Bien malin celui qui saura dire de quel gouvernement accoucheront les élections italiennes de dimanche. Aucun parti ne dispose d’une majorité assez nette pour prétendre au pouvoir et le jeu des alliances à venir promet d’être des plus complexes. Quoi qu’il en soit, le résultat est désastreux en ce qu’il reflète : la percée de partis d’extrême droite, anti-migrants et europhobes. À eux seuls, le Mouvement 5 étoiles et la Ligue du Nord ont rassemblé plus de 50% des suffrages. Tout dans la conjoncture actuelle concourait à leur victoire : des inégalités insupportables, une économie atone alors qu’elle redémarre partout ailleurs, la crise des migrants et une gauche qui a perdu son électorat à force de libéraliser l’économie.
Face à ce résultat, l’Europe se désole et dénonce le populisme des europhobes. Mais l’échappatoire facile que constitue «Bruxelles» pour nombre de politiques dans la justification de leurs échecs ou leur absence d’imagination ne doit pas masquer la responsabilité réelle de l’UE.

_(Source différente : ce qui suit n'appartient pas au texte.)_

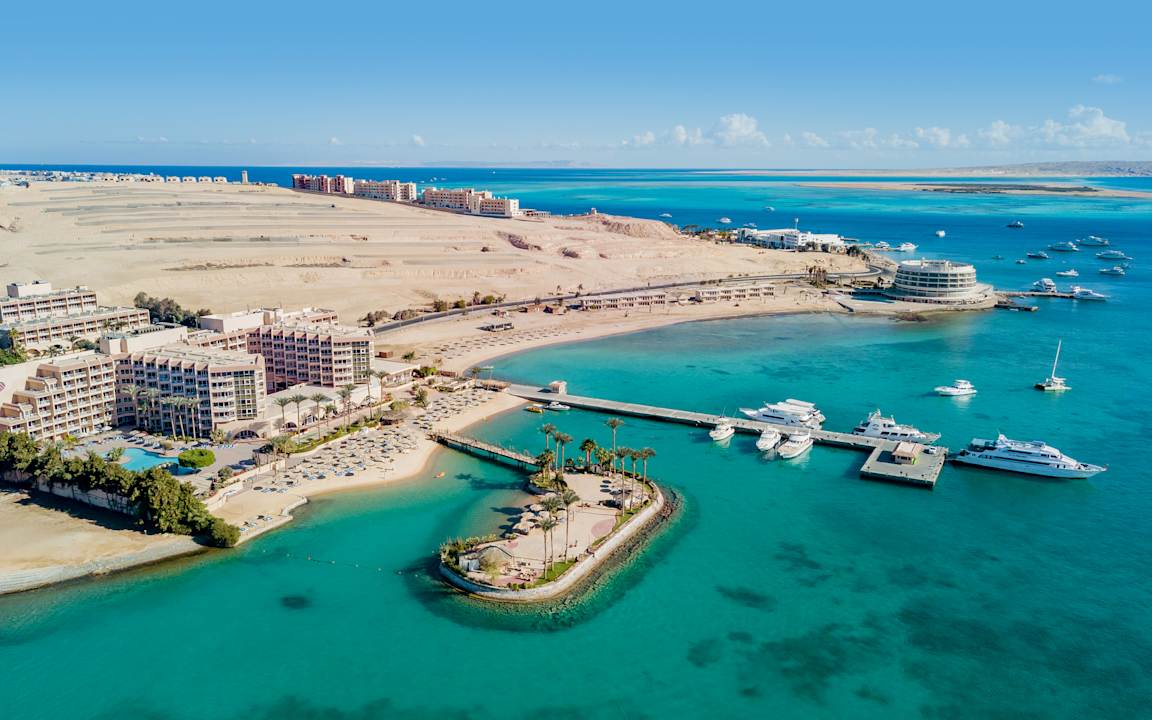 Außenansicht Marriott Hurghada Beach Resort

Près de deux ans après le vote du Brexit, tout semble se dérouler comme si le vote des Britanniques n’avait été qu’un accident électoral dont il convient de ne tirer aucune leçon. Pour l’Italie, l’UE est devenue double synonyme d’appauvrissement et d’absence de solidarité. Deuxième pays le plus endetté de l’UE, elle est sous la pression de Bruxelles qui lui enjoint de tailler dans les dépenses sociales, de privatiser les entreprises publiques et de se garder de relancer l’économie par la dépense publique. Cette politique en faveur des créanciers, ce sont d’abord les plus modestes et les classes moyennes qui en font les frais.
Depuis plus de dix ans, la péninsule est aussi en première ligne dans la crise migratoire en raison de sa position géographique. L’UE assure un service minimum, laissant Rome gérer l’afflux massif de migrants. L’hypocrisie domine, chacun laissant penser que c’est là le seul problème des Italiens, alors que l’écrasante majorité des candidats à l’immigration ne veut pas s’établir en Italie.
Il n’y a aucune surprise à voir les Italiens exprimer leur rejet d’une UE dont ils sont pourtant un membre fondateur. Le scénario était écrit à l’avance et sera validé partout ailleurs tant que l’Europe sera ce symbole du chacun pour soi et de la défense des intérêts de quelques-uns.